Extending Meteor for AI Workloads
Meteor's plugin architecture makes it straightforward to extend the context graph for AI-specific use cases:
| Capability | Approach |
|---|---|
| Semantic search | Use a script processor to generate vector embeddings from asset descriptions, enabling similarity-based retrieval |
| Business glossary | Extract metric definitions and business terms as first-class assets, linking them to underlying tables |
| Usage signals | Build extractors that capture query frequency and dashboard views, helping AI rank assets by relevance |
| Data quality | Enrich assets with freshness, completeness, and anomaly scores so AI can assess data trustworthiness |
| LLM-optimized exports | Create sinks that format metadata as structured context windows sized for LLM consumption |
The Flywheel
The context graph is not a one-time build.
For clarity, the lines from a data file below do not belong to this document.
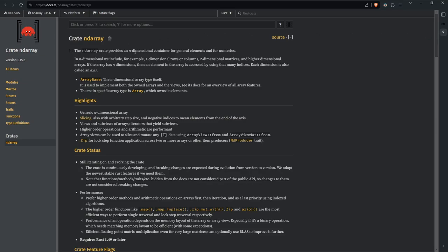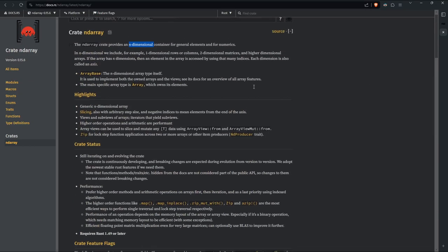ndarray provides an N-dimensional container for general elements and numerics. N-dimensional includes one-dimensional rows or columns, two-dimensional matrices, and higher-dimensional arrays. An element is accessed by using that many indices, and each dimension is also called an axis. This is the closest to NumPy's Python library. It's generic on the dimension of the tensor, so you could have a matrix, a vector, a 3D tensor, or a 4D tensor — it doesn't matter.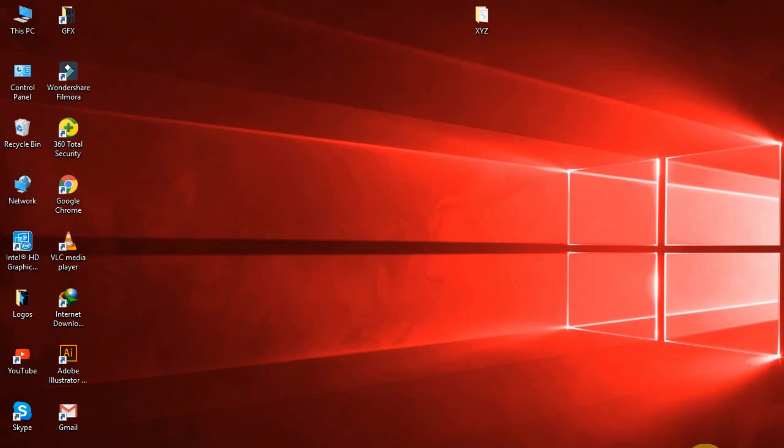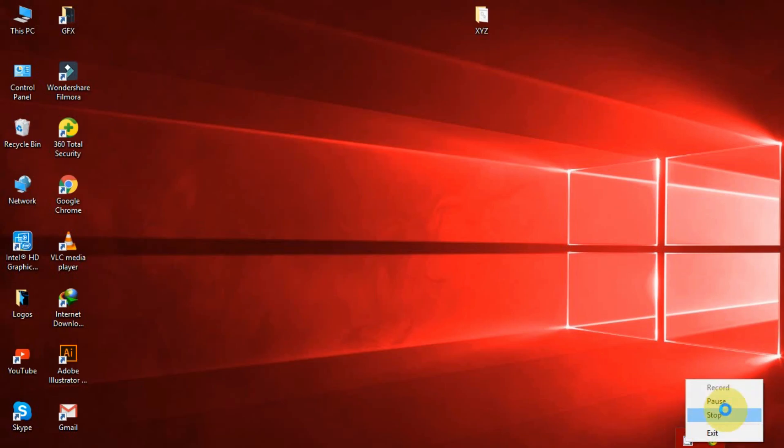Minimize all the windows, open a fourth program window, and drag all four windows one by one to the four edges of your PC.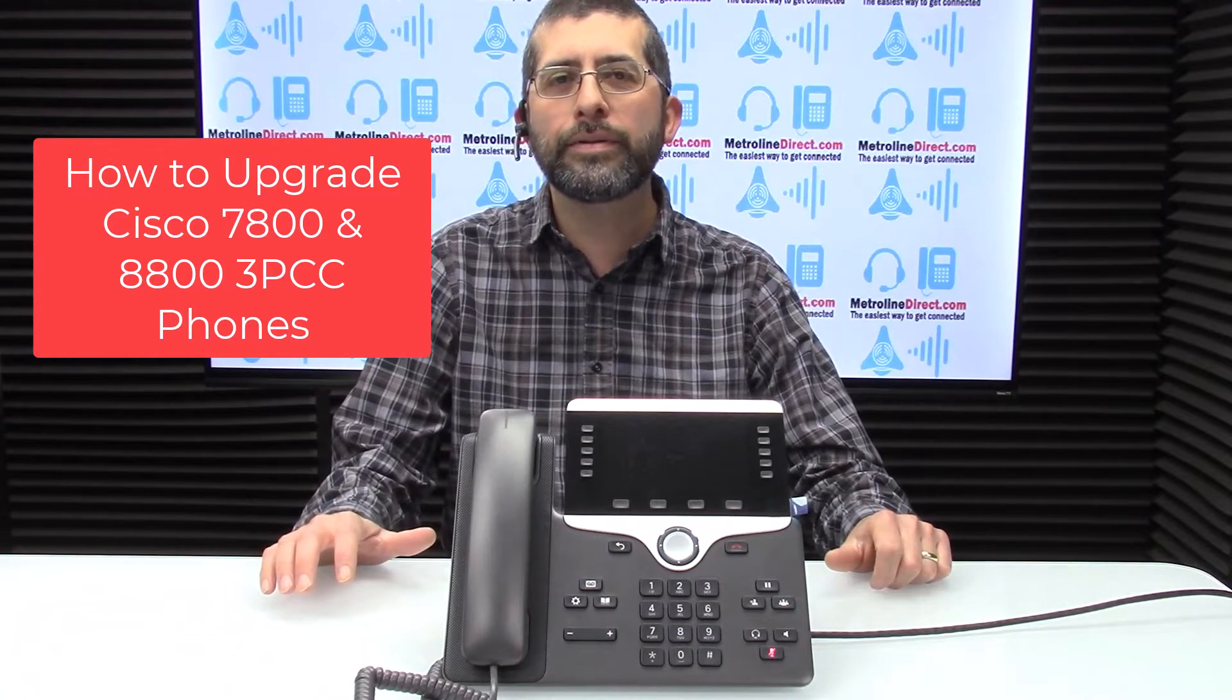Hi, I'm Jesse with Metroline Direct. In this video I'm going to show you step by step how to easily upgrade your Cisco 7800 and 8800 phones.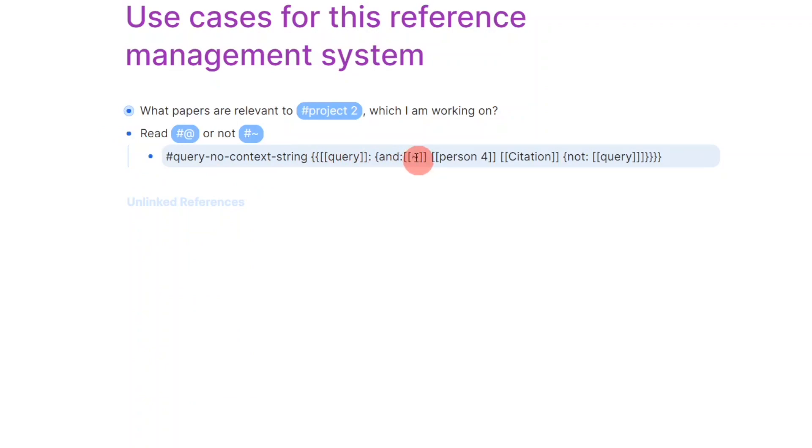For example, I can search for papers that I have not yet read that were recommended to me by a certain individual.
It is a continuously improving loop:
- Meteor extracts metadata from across the data ecosystem
- The context graph grows richer with each extraction cycle
- AI systems use the graph for grounding, reasoning, and discovery
- AI interactions reveal gaps — missing descriptions, unknown lineage, unlabeled assets
- Teams fill gaps, improving metadata quality
- Meteor captures the improvements, and the cycle continues
Each iteration makes the AI more capable and the metadata more complete. Meteor is the engine that keeps this flywheel turning.